Profiling Flavours and Fragrances by Heart-cut MDGC(MS) and Comprehensive GCxGC(qMS) in One System

May 20, 2010

Coelutions using one dimensional chromatography are often observed in flavour and fragrance analysis. There are several approaches to resolve these problematic regions.

What is heart-cut MDGC about? A problematic section of the chromatogram is cut and transferred into a second column, which can be mounted in a second gas chromatograph (GC). Both GCs are connected with a heated transfer line. In the first dimension a flame ionization detector (FID) is normally used as the detector that is suited to an area normalization report. However, in finding coelutions in the first dimension it is very helpful to have an identification in the first dimension as well. This was recently realized by an additional deactivated capillary that splits a part of the effluent going to the FID and leading it into the mass spectrometer of the second dimension. With this kind of analysis chiral separation is often needed frequently as only one enantiomer has some influence on the human body. The regions of interest inside the first dimensional chromatogram can then be transferred by easy heart cuts with simple mouse clicks that define the times for cutting. The retention times of the uncut peaks that elute at retention times behind the cuts remain unchanged in the MDGC-2010 system without using any pressure corrections of retention times. This can be used by the recently described Multi-Deans Switch technology.
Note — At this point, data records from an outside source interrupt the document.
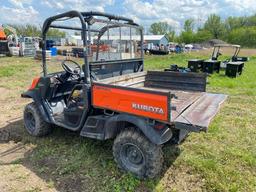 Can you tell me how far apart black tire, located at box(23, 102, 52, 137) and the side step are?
1222 millimetres

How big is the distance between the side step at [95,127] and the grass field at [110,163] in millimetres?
475

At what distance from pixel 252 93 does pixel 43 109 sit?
662 cm

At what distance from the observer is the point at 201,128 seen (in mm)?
2924

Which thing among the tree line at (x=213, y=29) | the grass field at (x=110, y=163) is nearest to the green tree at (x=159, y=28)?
the tree line at (x=213, y=29)

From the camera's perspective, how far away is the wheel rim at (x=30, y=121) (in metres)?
4.89

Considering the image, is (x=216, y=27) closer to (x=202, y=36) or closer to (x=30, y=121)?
(x=202, y=36)

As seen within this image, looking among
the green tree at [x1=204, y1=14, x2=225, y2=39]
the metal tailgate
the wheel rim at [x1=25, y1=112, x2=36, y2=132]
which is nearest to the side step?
the metal tailgate

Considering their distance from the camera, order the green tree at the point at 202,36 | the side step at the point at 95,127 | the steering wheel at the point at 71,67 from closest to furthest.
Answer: the side step at the point at 95,127 → the steering wheel at the point at 71,67 → the green tree at the point at 202,36

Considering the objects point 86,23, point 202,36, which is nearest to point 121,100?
point 86,23

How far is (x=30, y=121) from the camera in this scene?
4957 mm

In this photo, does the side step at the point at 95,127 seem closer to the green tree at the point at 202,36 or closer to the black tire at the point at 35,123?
the black tire at the point at 35,123

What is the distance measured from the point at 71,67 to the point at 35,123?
1.20m

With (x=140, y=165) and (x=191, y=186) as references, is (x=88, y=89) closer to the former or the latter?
(x=140, y=165)

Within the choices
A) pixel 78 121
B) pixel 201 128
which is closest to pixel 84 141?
pixel 78 121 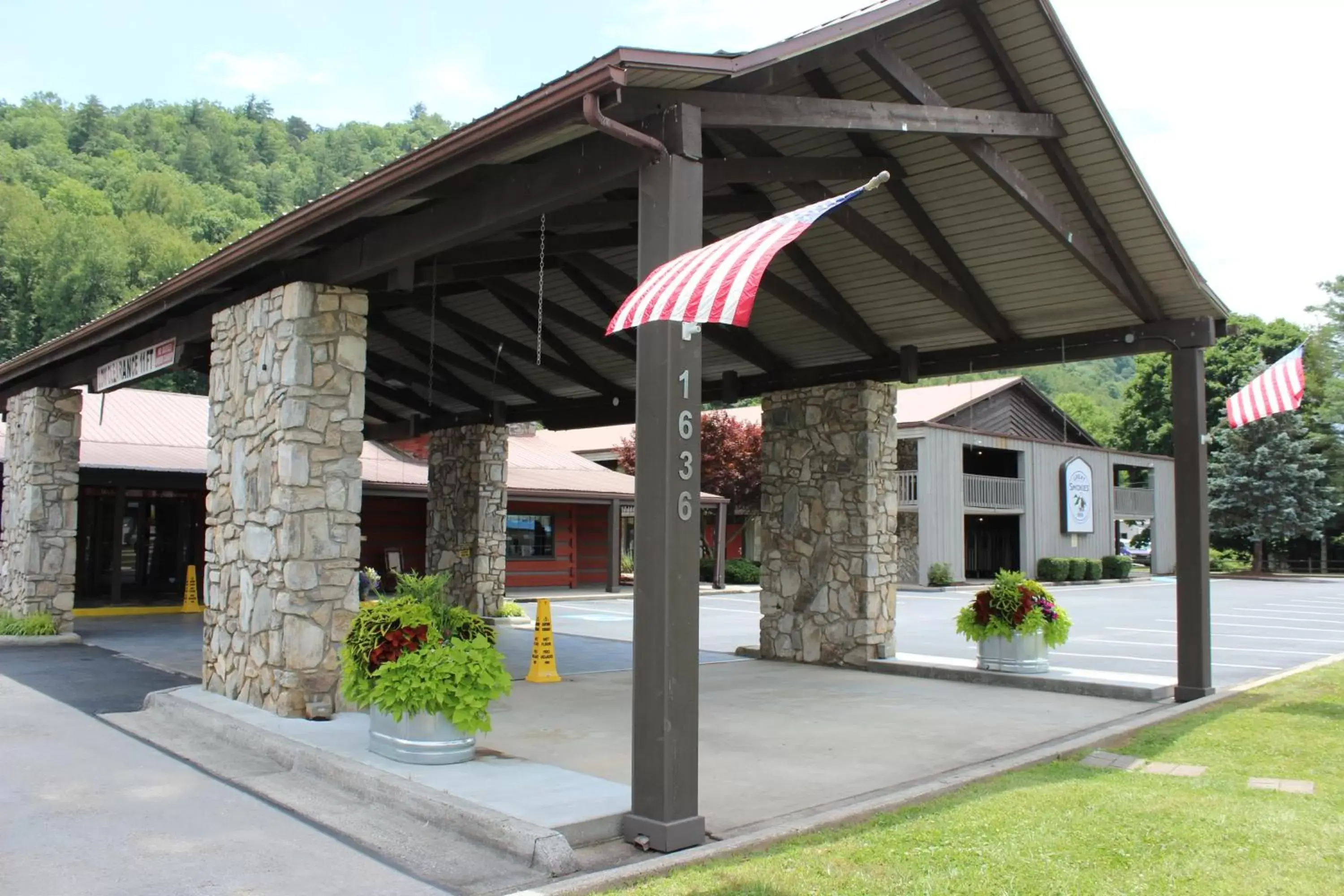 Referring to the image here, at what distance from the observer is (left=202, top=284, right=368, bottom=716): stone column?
27.4 ft

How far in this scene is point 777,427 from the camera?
1338cm

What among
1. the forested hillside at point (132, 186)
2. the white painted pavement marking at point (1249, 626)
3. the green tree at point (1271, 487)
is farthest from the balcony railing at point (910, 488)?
the forested hillside at point (132, 186)

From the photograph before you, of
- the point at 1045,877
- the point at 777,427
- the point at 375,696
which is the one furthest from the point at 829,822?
the point at 777,427

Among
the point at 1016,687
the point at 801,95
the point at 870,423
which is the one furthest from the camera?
the point at 870,423

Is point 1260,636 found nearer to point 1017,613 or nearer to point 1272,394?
point 1017,613

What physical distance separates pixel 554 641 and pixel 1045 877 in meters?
11.6

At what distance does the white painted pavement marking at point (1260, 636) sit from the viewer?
1741cm

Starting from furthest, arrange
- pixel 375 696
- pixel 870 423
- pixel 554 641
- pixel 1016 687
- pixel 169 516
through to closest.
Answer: pixel 169 516 → pixel 554 641 → pixel 870 423 → pixel 1016 687 → pixel 375 696

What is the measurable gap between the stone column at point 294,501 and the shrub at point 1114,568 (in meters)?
34.9

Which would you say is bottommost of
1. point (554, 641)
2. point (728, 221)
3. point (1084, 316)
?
point (554, 641)

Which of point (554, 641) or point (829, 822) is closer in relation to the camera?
point (829, 822)

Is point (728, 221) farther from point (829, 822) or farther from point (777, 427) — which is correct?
point (829, 822)

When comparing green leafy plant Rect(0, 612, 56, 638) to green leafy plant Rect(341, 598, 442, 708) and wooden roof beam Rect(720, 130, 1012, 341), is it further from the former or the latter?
wooden roof beam Rect(720, 130, 1012, 341)

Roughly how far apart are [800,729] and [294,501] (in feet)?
Answer: 14.7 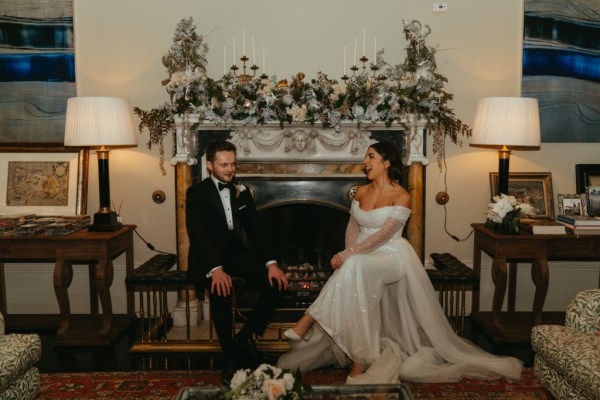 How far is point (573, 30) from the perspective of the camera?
4.55m

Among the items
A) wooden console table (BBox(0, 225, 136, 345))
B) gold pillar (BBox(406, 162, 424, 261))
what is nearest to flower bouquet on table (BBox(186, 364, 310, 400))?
wooden console table (BBox(0, 225, 136, 345))

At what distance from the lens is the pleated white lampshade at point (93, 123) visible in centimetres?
398

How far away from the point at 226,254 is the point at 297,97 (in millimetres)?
1341

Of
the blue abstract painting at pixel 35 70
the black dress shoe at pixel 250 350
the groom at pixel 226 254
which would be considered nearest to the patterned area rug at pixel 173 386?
the black dress shoe at pixel 250 350

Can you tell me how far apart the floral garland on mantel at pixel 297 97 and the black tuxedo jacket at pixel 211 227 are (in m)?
0.78

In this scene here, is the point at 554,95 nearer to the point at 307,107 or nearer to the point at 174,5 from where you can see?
the point at 307,107

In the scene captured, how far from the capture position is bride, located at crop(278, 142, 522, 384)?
131 inches

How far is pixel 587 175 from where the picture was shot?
466cm

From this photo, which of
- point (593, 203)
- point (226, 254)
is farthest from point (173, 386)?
point (593, 203)

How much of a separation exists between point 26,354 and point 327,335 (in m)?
1.75

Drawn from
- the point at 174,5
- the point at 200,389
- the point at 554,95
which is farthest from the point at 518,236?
the point at 174,5

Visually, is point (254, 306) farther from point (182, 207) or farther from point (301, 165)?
point (301, 165)

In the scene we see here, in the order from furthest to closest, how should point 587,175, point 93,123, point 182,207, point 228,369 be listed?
point 587,175
point 182,207
point 93,123
point 228,369

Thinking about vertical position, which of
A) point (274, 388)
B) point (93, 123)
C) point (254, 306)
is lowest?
point (254, 306) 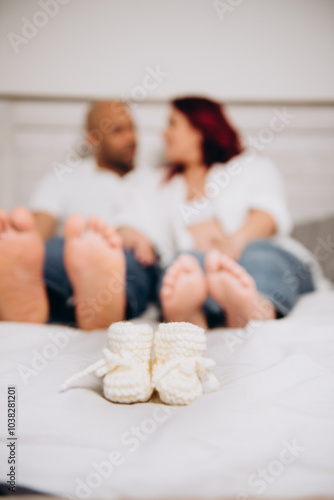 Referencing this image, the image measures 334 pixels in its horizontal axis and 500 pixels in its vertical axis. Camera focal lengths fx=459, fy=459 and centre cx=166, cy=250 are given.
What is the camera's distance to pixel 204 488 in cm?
37

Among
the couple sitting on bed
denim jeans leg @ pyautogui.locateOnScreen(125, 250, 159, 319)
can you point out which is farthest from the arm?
denim jeans leg @ pyautogui.locateOnScreen(125, 250, 159, 319)

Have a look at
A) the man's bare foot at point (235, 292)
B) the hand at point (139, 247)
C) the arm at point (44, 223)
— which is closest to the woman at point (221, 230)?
the man's bare foot at point (235, 292)

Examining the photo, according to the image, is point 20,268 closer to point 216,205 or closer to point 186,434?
point 186,434

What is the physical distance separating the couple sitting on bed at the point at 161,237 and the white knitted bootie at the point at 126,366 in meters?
0.25

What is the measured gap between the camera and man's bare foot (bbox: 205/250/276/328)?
76cm

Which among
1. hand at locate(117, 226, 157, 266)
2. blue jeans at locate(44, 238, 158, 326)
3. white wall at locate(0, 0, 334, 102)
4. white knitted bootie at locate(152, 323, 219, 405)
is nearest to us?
white knitted bootie at locate(152, 323, 219, 405)

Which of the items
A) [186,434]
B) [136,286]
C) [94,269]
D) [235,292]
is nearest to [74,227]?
[94,269]

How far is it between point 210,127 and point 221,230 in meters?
0.35

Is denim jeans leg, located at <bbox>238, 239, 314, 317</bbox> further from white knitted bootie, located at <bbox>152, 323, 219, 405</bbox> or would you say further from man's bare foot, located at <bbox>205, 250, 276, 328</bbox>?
white knitted bootie, located at <bbox>152, 323, 219, 405</bbox>

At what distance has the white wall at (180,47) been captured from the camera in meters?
1.61

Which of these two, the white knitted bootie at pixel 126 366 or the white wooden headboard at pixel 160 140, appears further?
the white wooden headboard at pixel 160 140

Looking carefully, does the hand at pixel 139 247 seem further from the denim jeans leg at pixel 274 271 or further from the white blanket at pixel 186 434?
the white blanket at pixel 186 434

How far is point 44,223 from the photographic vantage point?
1448 millimetres

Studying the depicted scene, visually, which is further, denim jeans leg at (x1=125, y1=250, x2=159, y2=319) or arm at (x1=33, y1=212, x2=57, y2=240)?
arm at (x1=33, y1=212, x2=57, y2=240) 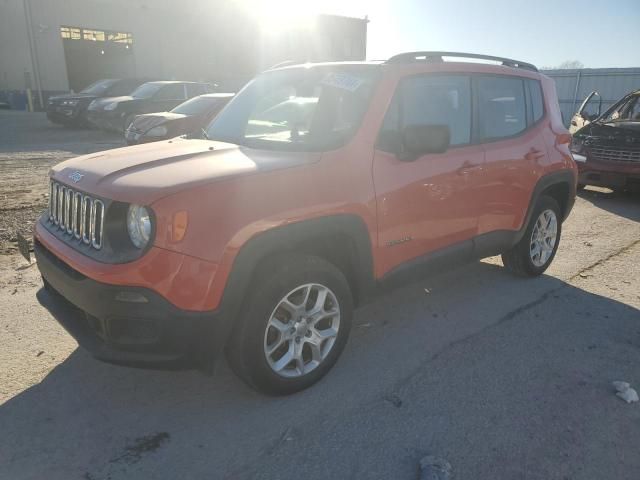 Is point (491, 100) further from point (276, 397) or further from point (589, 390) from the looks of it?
point (276, 397)

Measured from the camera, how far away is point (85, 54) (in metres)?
28.6

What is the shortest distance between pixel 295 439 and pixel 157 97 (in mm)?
13715

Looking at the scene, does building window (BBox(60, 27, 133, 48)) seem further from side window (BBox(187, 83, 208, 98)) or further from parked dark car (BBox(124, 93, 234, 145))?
parked dark car (BBox(124, 93, 234, 145))

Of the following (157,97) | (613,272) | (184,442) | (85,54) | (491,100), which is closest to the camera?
(184,442)

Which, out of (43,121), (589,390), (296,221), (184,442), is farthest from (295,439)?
(43,121)

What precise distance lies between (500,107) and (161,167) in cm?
277

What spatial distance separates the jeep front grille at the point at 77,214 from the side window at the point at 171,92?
1222 centimetres

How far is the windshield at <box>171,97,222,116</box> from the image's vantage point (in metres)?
10.1

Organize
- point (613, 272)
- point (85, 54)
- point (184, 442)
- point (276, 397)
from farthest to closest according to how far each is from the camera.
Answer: point (85, 54) < point (613, 272) < point (276, 397) < point (184, 442)

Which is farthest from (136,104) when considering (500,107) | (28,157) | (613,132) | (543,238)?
(543,238)

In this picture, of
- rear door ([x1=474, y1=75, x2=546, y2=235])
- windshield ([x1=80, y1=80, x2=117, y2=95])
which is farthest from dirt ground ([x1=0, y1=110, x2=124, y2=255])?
rear door ([x1=474, y1=75, x2=546, y2=235])

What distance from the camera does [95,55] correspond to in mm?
28906

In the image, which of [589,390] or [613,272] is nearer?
[589,390]

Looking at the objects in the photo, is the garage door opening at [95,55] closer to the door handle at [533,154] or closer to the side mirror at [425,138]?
the door handle at [533,154] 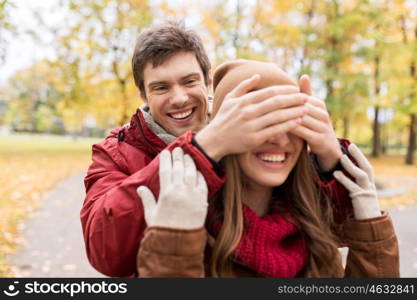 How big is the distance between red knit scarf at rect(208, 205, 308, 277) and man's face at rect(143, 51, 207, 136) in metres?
0.75

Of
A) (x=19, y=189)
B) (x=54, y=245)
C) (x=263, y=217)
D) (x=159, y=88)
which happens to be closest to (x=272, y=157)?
(x=263, y=217)

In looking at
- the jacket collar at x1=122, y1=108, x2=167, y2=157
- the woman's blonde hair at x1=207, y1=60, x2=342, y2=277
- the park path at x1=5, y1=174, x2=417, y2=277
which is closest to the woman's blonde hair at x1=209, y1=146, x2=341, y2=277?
the woman's blonde hair at x1=207, y1=60, x2=342, y2=277

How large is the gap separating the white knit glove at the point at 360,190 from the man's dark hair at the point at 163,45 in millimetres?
994

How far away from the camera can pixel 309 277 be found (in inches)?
59.4

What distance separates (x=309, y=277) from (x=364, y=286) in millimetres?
232

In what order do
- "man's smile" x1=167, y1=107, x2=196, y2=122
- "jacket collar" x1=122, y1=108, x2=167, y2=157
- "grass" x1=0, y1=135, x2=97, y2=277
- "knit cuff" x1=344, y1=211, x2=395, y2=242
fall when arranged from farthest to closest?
"grass" x1=0, y1=135, x2=97, y2=277
"man's smile" x1=167, y1=107, x2=196, y2=122
"jacket collar" x1=122, y1=108, x2=167, y2=157
"knit cuff" x1=344, y1=211, x2=395, y2=242

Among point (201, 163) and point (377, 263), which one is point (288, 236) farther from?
point (201, 163)

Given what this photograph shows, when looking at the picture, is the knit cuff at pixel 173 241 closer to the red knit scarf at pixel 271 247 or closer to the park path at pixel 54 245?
the red knit scarf at pixel 271 247

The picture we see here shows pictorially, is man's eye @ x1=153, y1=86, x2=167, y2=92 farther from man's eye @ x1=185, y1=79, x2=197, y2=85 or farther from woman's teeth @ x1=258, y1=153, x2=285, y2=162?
woman's teeth @ x1=258, y1=153, x2=285, y2=162

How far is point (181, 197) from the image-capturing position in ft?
4.07

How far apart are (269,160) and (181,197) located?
41 centimetres

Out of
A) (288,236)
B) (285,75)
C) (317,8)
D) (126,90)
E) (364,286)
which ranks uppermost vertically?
(317,8)

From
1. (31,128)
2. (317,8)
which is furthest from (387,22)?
(31,128)

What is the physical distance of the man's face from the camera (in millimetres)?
1974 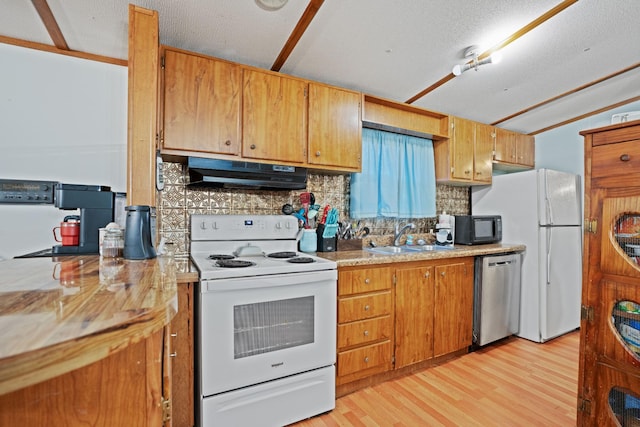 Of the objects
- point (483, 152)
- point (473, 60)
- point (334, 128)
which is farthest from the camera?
point (483, 152)

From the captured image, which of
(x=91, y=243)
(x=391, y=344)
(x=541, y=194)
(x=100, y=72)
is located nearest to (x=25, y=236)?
(x=91, y=243)

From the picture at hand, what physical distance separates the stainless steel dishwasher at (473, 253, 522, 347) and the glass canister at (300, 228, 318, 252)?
1494 millimetres

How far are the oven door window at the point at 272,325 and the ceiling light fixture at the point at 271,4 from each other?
1.66m

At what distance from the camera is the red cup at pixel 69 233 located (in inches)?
58.8

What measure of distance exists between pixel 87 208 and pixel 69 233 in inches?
6.0

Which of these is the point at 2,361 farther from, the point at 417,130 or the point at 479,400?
the point at 417,130

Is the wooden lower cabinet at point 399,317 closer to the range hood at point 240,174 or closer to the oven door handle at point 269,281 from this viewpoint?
the oven door handle at point 269,281

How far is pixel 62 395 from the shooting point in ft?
1.89

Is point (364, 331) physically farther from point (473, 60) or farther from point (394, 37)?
point (473, 60)

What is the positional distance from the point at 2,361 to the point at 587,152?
2.23m

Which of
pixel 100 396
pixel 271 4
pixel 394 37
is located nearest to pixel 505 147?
pixel 394 37

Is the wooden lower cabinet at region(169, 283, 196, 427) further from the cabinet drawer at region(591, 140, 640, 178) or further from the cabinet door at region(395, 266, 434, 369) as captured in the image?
the cabinet drawer at region(591, 140, 640, 178)

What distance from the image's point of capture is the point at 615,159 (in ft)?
4.78

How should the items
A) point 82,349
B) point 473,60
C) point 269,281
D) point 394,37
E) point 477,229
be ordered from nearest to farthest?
point 82,349, point 269,281, point 394,37, point 473,60, point 477,229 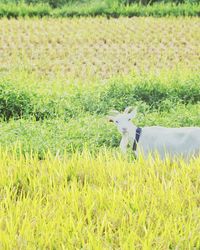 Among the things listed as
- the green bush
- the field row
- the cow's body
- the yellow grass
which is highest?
the field row

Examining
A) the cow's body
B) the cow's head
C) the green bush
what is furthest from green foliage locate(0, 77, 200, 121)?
the cow's body

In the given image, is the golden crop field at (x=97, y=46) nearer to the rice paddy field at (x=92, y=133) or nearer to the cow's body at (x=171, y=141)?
the rice paddy field at (x=92, y=133)

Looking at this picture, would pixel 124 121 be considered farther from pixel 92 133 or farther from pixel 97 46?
pixel 97 46

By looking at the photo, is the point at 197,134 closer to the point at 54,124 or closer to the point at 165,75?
the point at 54,124

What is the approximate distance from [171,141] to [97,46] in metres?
6.22

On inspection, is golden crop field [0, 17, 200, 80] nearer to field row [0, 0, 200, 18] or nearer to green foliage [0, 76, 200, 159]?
field row [0, 0, 200, 18]

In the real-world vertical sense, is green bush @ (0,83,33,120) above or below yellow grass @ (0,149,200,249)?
below

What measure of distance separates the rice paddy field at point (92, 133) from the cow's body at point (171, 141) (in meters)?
0.17

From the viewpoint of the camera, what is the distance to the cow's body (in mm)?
4164

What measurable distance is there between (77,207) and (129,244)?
409 millimetres

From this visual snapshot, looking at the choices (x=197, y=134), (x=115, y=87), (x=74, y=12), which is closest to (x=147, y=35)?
(x=74, y=12)

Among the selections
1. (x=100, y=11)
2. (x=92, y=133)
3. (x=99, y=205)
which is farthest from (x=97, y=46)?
(x=99, y=205)

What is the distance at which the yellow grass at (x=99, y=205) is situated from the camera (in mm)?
2322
In contrast, comprehensive GC×GC(qMS) allows a one shot separation of complex mixtures (no enantiomeric separation). While in MDGC the total peak capacity is a sum of both columns N1 (1st dim) + N2 (2nd dim) in comprehensive GC×GC it is the multiplication N1∙N2 of both. In the latter, an orthogonal set of columns is usually used [i.e., a classical unpolar (polar) column is connected to a polar (unpolar) narrow bore column of about 1 m in length]. There are several modulation technologies available that can be grouped into thermal and flow modulation. For the latter, typical peak column flows of 10–20 mL/min are used and are, therefore, not as suitable for quadrupole MS detection, particularly because the flow dilutes the sample. As a result the sensitivity is drastically reduced. In this instance, thermal modulation with quadrupole detection was used.